Wearing a lapel pin has become a common expression of patriotism and allegiance. Be it the traditional American flag pin, or something more specific to the cause, such as a Marine Corps pin, these remembrances are not only a common sight in our American culture; they’re also a comfort to those who see and wear them. But surprisingly, their prominence in our society only goes as far back as the Civil War.
During America’s turbulent Civil War, soldiers took to wearing a small brass pin that would be struck with his unit number upon it. The primary reason behind this was to help keep units organized during long journeys across the country. Oftentimes a solider would not be familiar with his entire unit, so having the pin provided an easy way to recognize his brethren as they spread out across the land. The only problem was that the pins were so small that in combat situations it was nearly impossible to read them unless you were nearly upon him. Still, an unintentional but much more lasting effect cropped up from their introduction: that of camaraderie. Units garnered pride and unity from wearing the pins, wearing them proudly even after the war had finished, as symbolic reminders of their comrades-in-arms.
This previously unintended influence did not decline after the war was concluded, but instead built itself up into the practice we see today of decorating our military men and women for their brave acts in times of need. By the time of World War One, an array of lapel pins were being used in ceremonies and given to the loved ones of fallen soldiers, from Army pins, to Marine Corp pins, Navy pins, to an Air Force pin, their significance to those who received them was of extreme honor and pride.
Military pins have become an industry in themselves, created for fundraising, rallies, and reunions, amongst other things. And despite their increasing diversity, they have the amazing ability to bring us all together for a common cause, help us celebrate our past, and be hopeful for the future. Nowadays, the culture of military pins has grown to encompass everyone that the military touches through their service for our country. And as long as our military continues to champion our causes, military lapel pins will continue to celebrate the selfless job they do.

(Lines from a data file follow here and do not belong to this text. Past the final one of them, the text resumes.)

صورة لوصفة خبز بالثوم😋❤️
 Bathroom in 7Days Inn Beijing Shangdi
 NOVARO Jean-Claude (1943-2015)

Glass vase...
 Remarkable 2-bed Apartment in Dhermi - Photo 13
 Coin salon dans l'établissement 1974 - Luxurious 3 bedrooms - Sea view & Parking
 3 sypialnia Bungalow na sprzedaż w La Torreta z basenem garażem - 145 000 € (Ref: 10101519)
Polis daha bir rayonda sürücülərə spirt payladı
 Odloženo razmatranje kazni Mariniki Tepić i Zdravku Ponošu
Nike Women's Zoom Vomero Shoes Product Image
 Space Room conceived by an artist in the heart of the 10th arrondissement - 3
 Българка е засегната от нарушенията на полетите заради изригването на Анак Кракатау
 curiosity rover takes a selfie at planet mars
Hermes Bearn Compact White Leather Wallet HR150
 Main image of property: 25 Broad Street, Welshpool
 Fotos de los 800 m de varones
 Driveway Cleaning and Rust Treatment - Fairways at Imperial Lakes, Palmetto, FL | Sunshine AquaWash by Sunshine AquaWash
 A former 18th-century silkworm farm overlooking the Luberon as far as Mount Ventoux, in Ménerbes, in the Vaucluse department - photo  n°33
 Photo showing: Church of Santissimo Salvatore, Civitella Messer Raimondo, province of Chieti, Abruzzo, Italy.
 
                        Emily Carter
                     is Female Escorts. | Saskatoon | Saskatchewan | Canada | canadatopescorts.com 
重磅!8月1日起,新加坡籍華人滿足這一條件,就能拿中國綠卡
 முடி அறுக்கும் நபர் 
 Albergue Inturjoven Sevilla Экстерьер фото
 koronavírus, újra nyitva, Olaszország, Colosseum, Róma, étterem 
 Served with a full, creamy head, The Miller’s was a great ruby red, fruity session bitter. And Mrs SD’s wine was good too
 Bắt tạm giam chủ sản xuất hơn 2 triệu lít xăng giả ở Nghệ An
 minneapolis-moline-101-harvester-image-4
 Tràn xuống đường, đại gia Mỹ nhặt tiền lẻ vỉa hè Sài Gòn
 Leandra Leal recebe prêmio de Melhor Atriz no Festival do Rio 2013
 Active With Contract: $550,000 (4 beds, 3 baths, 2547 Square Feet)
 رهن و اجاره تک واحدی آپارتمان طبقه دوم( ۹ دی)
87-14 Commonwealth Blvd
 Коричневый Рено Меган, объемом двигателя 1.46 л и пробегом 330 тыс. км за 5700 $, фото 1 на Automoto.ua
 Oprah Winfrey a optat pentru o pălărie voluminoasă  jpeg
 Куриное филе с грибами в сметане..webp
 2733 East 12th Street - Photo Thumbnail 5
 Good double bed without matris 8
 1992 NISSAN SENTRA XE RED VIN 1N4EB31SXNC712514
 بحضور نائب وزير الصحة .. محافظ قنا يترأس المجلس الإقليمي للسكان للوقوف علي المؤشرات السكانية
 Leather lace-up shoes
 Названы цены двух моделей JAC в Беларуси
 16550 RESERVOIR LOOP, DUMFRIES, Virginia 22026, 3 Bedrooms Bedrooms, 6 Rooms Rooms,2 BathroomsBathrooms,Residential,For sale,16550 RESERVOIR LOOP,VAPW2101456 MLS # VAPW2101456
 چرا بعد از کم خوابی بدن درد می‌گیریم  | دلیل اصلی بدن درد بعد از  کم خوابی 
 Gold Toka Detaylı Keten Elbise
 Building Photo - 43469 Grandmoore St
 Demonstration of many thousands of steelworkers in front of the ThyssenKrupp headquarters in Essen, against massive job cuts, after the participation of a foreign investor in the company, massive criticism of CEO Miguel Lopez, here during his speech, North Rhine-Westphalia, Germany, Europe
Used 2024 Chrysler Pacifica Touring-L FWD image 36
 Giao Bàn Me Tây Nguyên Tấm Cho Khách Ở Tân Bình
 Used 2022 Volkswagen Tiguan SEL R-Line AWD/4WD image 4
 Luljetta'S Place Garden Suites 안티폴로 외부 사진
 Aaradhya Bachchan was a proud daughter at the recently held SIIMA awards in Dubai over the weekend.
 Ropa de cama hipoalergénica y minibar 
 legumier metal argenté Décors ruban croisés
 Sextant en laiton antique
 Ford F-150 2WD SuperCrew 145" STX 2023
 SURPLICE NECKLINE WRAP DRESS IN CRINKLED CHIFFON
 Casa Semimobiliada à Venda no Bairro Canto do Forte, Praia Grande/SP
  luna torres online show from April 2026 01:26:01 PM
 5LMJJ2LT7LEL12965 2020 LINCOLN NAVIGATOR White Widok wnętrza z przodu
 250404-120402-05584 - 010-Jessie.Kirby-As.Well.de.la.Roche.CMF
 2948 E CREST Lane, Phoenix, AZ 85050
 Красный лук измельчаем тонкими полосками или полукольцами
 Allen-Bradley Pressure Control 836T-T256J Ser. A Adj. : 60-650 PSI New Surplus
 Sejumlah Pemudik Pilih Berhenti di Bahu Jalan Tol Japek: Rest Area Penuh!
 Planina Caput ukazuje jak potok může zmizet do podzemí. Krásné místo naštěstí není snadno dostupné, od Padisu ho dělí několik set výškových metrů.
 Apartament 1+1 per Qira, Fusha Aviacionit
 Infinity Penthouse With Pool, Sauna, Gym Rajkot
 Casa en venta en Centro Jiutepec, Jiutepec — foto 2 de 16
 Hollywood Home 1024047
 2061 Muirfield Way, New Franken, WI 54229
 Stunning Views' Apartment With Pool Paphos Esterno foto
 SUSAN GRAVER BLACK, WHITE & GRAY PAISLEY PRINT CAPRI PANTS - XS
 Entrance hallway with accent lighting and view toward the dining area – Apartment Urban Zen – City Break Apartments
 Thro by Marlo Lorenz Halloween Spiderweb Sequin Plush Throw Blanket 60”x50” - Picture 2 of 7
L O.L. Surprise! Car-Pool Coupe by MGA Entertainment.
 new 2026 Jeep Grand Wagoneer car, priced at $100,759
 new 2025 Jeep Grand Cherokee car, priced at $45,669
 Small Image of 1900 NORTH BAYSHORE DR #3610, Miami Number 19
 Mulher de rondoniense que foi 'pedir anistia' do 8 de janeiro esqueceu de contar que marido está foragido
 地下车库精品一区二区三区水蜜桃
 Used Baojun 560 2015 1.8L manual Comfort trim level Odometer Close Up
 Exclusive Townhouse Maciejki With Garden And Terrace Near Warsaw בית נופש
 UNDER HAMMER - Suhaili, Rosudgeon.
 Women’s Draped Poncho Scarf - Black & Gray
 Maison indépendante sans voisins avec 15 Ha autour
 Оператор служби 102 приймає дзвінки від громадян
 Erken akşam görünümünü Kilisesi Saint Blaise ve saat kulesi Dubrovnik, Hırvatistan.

For anyone in the modern age, it’s hard to imagine the president not wearing an American flag lapel pin, especially when addressing the country over issues of security and defense. Presidents have worn lapel pins religiously as far back as Richard Nixon back in 1968. As a country, we are never more patriotic than when we send brave young men and women into the far corners of the world to fight for our protection and the betterment of all.